Jul 25, 2019, 4:19 PM

Updated 1,793 days ago


Rockland County Executive Ed Day has announced the measles emergency in Rockland County is officially over.
The county says it will not extend its emergency order, which expired yesterday.
The declaration forced anyone with measles, or anyone who has been in contact with an infected person, to stay out of public places.  Under-vaccinated kids also had to remain home from certain day cares.
County officials tell News 12 that they feel confident the emergency is over because the percentage of new cases has declined dramatically over the last few months compared to when the outbreak began in October.
The number of cases per month has decreased by 29% in May, 63% in June and 42% as of July 25.
The first emergency order was issued in late March when officials were worried the contagious disease was spreading at an exponential rate.
But now, the number of new cases has only increased by a handful in the last few weeks.

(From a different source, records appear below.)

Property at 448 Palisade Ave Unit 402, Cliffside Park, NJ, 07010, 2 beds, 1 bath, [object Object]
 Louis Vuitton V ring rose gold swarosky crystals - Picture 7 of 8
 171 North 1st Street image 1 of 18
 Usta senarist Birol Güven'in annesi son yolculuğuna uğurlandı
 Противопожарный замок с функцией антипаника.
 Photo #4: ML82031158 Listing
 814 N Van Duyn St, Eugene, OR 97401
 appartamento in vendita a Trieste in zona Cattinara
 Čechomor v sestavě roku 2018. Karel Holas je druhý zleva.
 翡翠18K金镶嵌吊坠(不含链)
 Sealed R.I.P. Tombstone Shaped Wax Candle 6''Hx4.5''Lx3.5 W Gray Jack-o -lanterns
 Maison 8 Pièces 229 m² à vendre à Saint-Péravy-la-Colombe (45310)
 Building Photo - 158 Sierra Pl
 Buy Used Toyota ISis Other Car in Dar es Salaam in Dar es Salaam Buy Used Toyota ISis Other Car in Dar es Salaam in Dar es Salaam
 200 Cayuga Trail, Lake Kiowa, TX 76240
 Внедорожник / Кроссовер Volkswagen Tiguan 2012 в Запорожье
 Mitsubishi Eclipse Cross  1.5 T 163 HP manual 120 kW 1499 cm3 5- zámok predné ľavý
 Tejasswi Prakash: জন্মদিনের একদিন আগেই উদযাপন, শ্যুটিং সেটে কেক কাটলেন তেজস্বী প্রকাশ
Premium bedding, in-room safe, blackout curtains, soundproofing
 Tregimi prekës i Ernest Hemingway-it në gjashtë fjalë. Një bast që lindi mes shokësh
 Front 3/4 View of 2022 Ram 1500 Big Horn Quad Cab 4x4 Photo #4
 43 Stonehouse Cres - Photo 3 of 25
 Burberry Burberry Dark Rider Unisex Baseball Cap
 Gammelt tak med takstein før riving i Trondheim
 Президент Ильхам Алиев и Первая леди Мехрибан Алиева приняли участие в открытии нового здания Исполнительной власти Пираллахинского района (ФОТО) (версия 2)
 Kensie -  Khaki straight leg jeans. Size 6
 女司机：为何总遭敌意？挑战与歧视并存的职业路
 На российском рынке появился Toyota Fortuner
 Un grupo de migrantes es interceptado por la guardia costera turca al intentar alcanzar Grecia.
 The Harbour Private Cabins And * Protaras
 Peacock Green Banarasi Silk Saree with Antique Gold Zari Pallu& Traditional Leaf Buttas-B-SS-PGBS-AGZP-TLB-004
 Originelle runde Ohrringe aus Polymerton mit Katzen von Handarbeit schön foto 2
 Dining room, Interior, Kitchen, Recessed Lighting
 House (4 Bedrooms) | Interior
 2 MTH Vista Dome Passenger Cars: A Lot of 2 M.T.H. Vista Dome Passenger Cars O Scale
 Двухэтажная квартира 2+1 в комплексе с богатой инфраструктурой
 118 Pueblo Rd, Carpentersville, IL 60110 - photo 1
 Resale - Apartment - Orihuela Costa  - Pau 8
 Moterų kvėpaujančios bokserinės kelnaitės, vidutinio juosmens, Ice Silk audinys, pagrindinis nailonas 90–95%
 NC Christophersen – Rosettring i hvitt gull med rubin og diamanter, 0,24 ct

It was in the high 270s at the end of June and now it's only 283.
Officials credit that to the more than 25,000 measles vaccines that have been administered in Rockland since October and daily monitoring of more than 100 people exposed to the measles.
Officials also say they've quarantined more people and launched stricter daily monitoring since March for those exposed to the disease.
But while the emergency is over, officials say the outbreak is not. “Despite the state of emergency ending, orders will still be issued. We will not stop until this disease has eliminated and we know it will not return,” says Day.
Health officials say the outbreak will not be officially over until the county goes through two 21-day cycles with no new cases.
The county added it will inspect schools in September to make sure students with previously allowed religious exemptions to vaccines are immunized now that NY has outlawed the practice.
County officials estimate the measles cost Rockland somewhere between $2 million and nearly $6 million since the outbreak first began in October.